The Ducktown Basin, Maysilles explains, was a geography that cried out for disaster. The rich copper deposits right on the surface were too tempting for miners to ignore. Transportation deficiencies made the raw materials too expensive to transport off site to smelt. The sulfur content of the rocks was unusually high, creating unusually toxic smelting smoke. The geography of the basin was such that the smoke, once in the air, could not escape and dissipate into the atmosphere. The moist climate of the temperate rainforest meant that the chemicals were constantly being delivered back into the the soil in the form of toxic rain. The resulting concentration of chemicals in the air and water stripped the soil, killed the trees, and launched a legal battle between the state of Georgia and the mining companies that made it all the way to the Supreme Court on multiple occasions.
Intrigued as I was by this untold story and fortunate enough to be going to east Tennessee for a visit, I took the opportunity to drive down to Ducktown and see what remained of the infamous badlands created through ignorance, negligence, and geographical misfortune. The answer: very little. At the Ducktown museum, which commemorates both the mine and the unusual topography it created, the woman behind the desk took me with pride to a satellite photo of the region from some decades ago. She recalled with pride, “The only two man made things you could see from space were the Great Wall of China and the Tennessee Badlands.” The nostalgia poured out of her as she remembered a time when, stripped of all flora and fauna, she need not worry about snakes or mosquitoes like her neighbors outside the basin in the lush Tennessee mountain forests. “It’s too bad,” she told me, “because we just look like everyone else now.” Maysilles tells a different story, one of workers who had to have separate car for work and everything else because just by driving into the basin the air would begin to peel away the paint.

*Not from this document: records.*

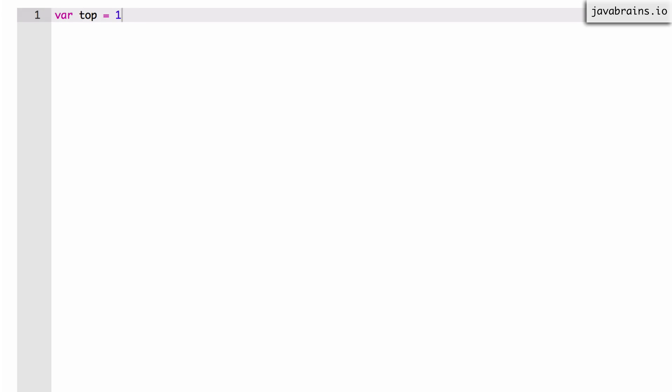Alright, let's try this simple exercise to test what we've learned so far. Let's say I have a simple variable called top and I've assigned the value 10 to it. Let's say this is line 1 in my JavaScript code.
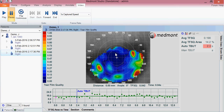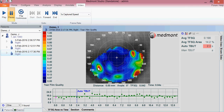Where you see dark blue, that's where the tear film is very smooth and even, indicating good quality tear film. Where you see hot colors, that's where the tear film is likely in breakup — where you have high points from one imaged area to the next, where the tear film may not be smooth or even.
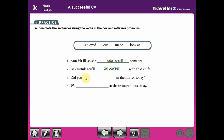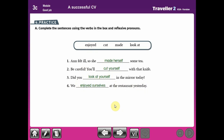Number three: did you look at yourself in the mirror today? This mirror is what we use to see ourselves in the bedroom or any place at home. We can use yourself for singular or yourselves for plural, depending on what you intend. Number four: we enjoyed ourselves at the restaurant yesterday — from 'we', the reflexive pronoun is 'ourselves.'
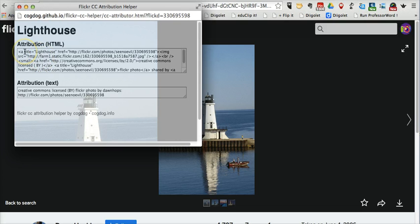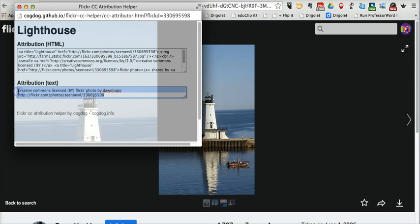And now I have the HTML with attribution. So if I'm going to use this picture in a blog post, I'll just copy and paste that code and put it into my blog post, and the correct attribution will be attached to it. Or if I'm using the image somewhere else, let's say I've downloaded the image and I'm using it in a slide presentation, I'll just copy that attribution text and include that in my slide. So that's a neat little tool, the Flickr CC Attribution Helper — a great option for citing Flickr images.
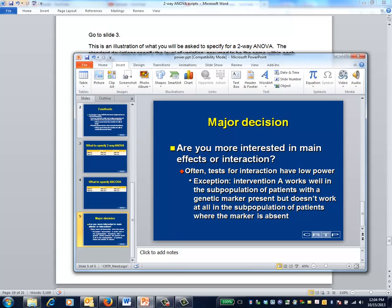An increasingly important exception to this trend are strong genetic markers. For example, a biomarker that differentiates whether or not a cancer drug that affects a certain biological pathway is likely to work would induce a strong interaction when the two factors of interest are choice of drug and presence of the biomarker. Of course, not all biomarkers, even genetic ones, induce interactions of this magnitude.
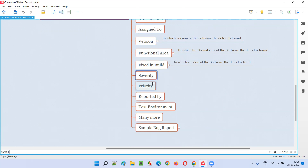Then Severity — what is the impact of the defect on the application? If there's a spelling mistake, that's a low impact. But if it's causing a big error page — some error sign, a red color page instead of the actual page — then the impact will be high. Depending on what the impact of the defect is on the application, we have to provide the severity.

He shares, perhaps for the first time for modern eyes, the stories of small subsistence farmers who had their land stripped of its fertility and, when they protested, found themselves fired from the mines where they worked to supplement their income. He tells of a single woman who spent years in court seeking damages from the mining companies and won, only to have her settlement reduced to one dollar on appeal. Memory is truly a curious phenomenon, and it is difficult to sort out whose story should take precedence: Maysilles, the outside critic, or the woman at the museum who grew up in Ducktown and whose husband was a mine worker.
In any case, the story does not linger in the confusing days of the Tennessee Badlands. Cooperative ventures by the government and the various industries who have controlled the mining companies over the years have struggled to make the basin green again. These herculean efforts to reforest have been largely rewarded, though not immediately and not without struggle and expense. Driving over the crest and into the basin, we noticed no difference between the forests without and the forests within. The Ducktown Basin is teeming with life again, even snakes and mosquitoes. As the reforestation began to take hold, many in the basin, I suspect the woman at the museum among them, lobbied to have a piece of the badlands preserved as a memorial. It was actually this memorial that I had traveled out to see, a relic of the way the basin had looked when it was an environmental catastrophe and a tourist attraction. Here then, is the arbor day miracle. The reclamation efforts have been so successful, life so insistent on reclaiming the dead basin, that it is a struggle to keep the last little bit of badlands in its pristine, unnatural state. Here it is, as it appeared at the time of my visit, trying to fight off the invasion of trees, but failing so completely that the little saplings are springing up even in the steep slope that terminates in a flooded mineshaft:
Maysilles has given the curious and patient reader a wonderful glimpse into a largely ignored subject. His interest is primarily in the way the legal battle continues to be cited in major environmental cases today. Mine was in the hidden treasure that had been in my backyard all the years I lived in Tennessee but that I had never known about until I left. A law student told me recently that she loved the way Maysilles had made obscure legal principles comprehensible, in ways that even her text books couldn’t. Whatever it may be, if something about Ducktown has peaked your curiosity, I highly encourage picking up this book. I also wholeheartedly recommend that anyone in the region make a journey down to Ducktown to explore. The drive is beautiful (no matter what direction you come from), the community is quaint, and the history is engaging.
And if you should stop in and see the precious little old woman at the museum desk, tell her you read about her online and that there are still people fascinated by her community, even if they “just look like everyone else now.”